Test-Run State Visit for Future Saudi King as Britain Seeks to Deepen Ties


The visit of the Saudi Crown Prince to London, where he will hold talks with British Prime Minister Theresa May on defense and economic cooperation and meet Queen Elizabeth II has been widely advertised across the British capital. The Prince’s reception, initially put off due to fears over public protests has brought to light a number of issues surrounding the already deep relationship between London and Riyadh.

War in Yemen

Bin Salman was the driving force behind the Saudi military operation against Houthi rebels in Yemen, which began in March 2015, while he was minister of defense. The conflict dramatically escalated when Houthis swept into the Yemeni capital San’a and forced the government of President Abd-Rabbuh Mansour Hadi to flee to Aden and then to Saudi Arabia. British Prime Minister Theresa May has promised to raise the issue of civilian casualties in the war when she and Prince Mohammad discuss enhanced military cooperation. Britain has sold at least US$6.4 billion worth of weaponry to the Kingdom since the beginning of the bombing campaign in 2015. Only 6 percent of the British public approves of UK weapons sales to Saudi Arabia as a result of the war and the humanitarian situation, according to the Campaign Against Arms Trade.

Saudi Aramco

Of particular interest to the British government has been the privatization of the Saudi state-owned oil company Saudi Aramco, which is set to be publicly listed later this year in what is expected to be the largest public offering of a company in financial history.

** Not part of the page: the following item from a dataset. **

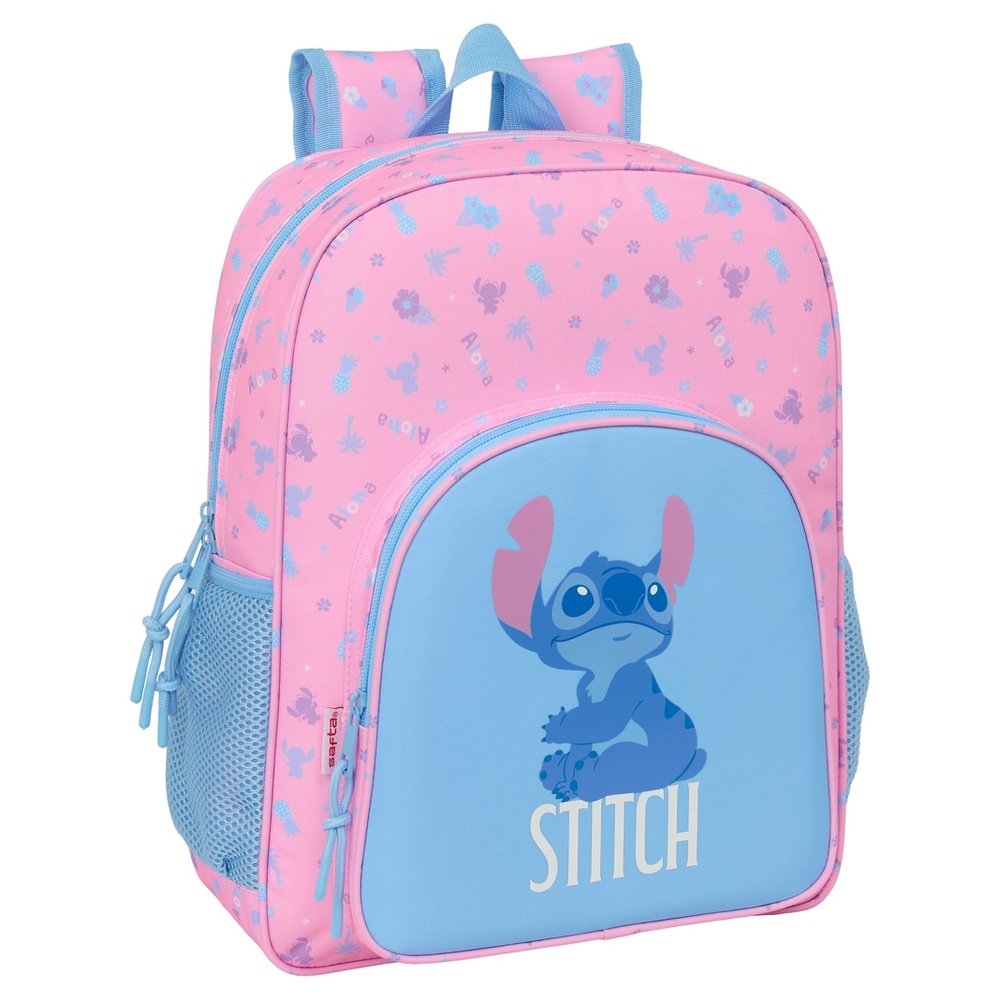 Mochila Junior Adapt a Carro Stitch Bright SAFTA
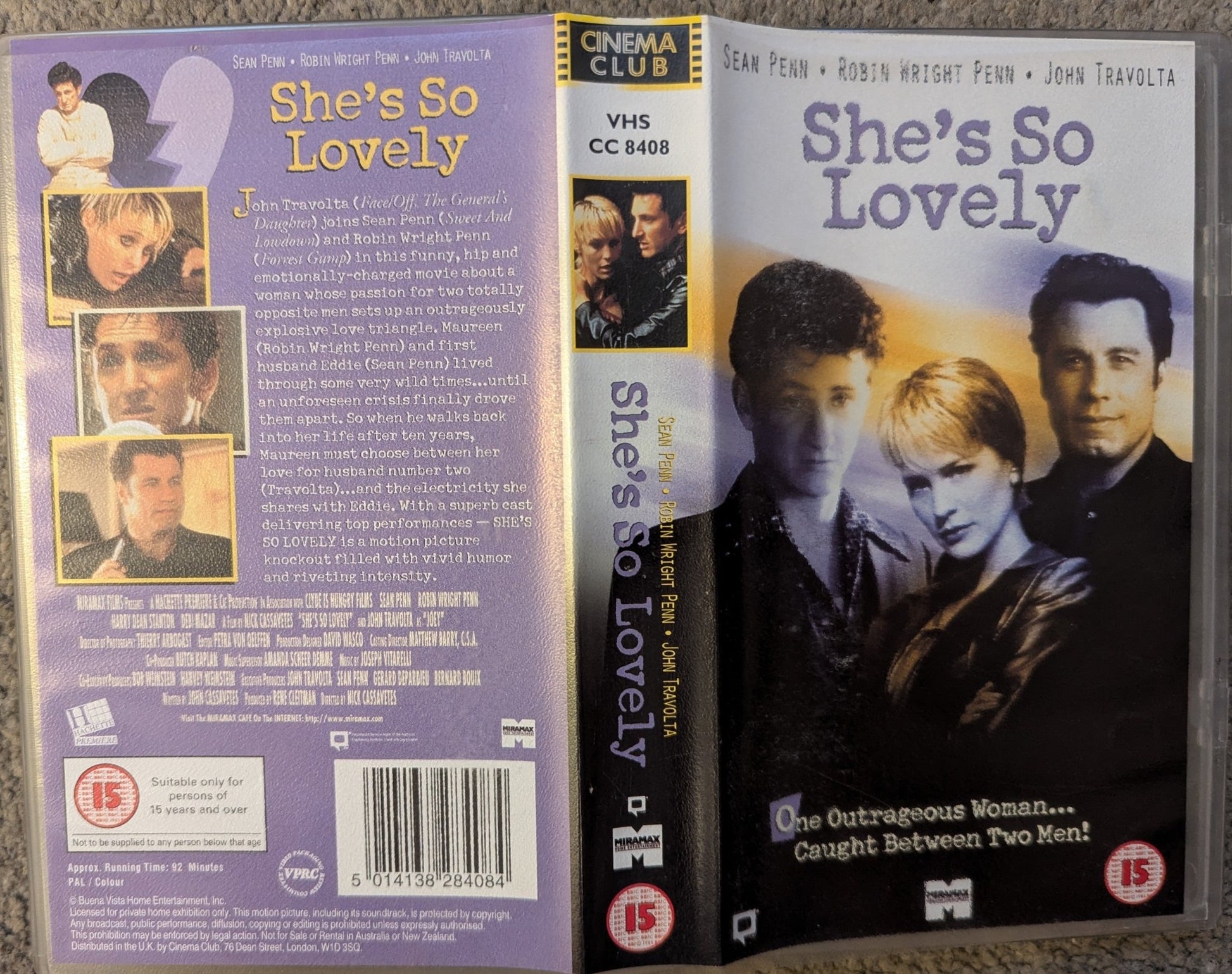 She's So Lovely (1997) VHS Video - Flippin Retro Video Shop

With an estimated value of US$2 trillion, the location for the listing has yet to be publicly announced although the most commonly floated venues are the New York, London and Hong Kong stock exchanges. Britain is particularly keen to deepen its financial links with the Gulf region as a means to offset any potential declines in trade with the European Union after it leaves the bloc in 2019.

Domestic Repression

Recent YouGov polling of the British public has consistently shown widespread unease with the closeness of the British relationship to a government they see as having an unusually poor human rights record. 39 percent respondents believe that Britain should treat Saudi Arabia as an enemy state, more than those who agree with treating as an ally. The responses represented a poorer image of the Kingdom held by Britons than those of Turkey, Russia or China. Only 4 percent of respondents described the Kingdom as “good” on human rights issues while 80 percent felt the opposite.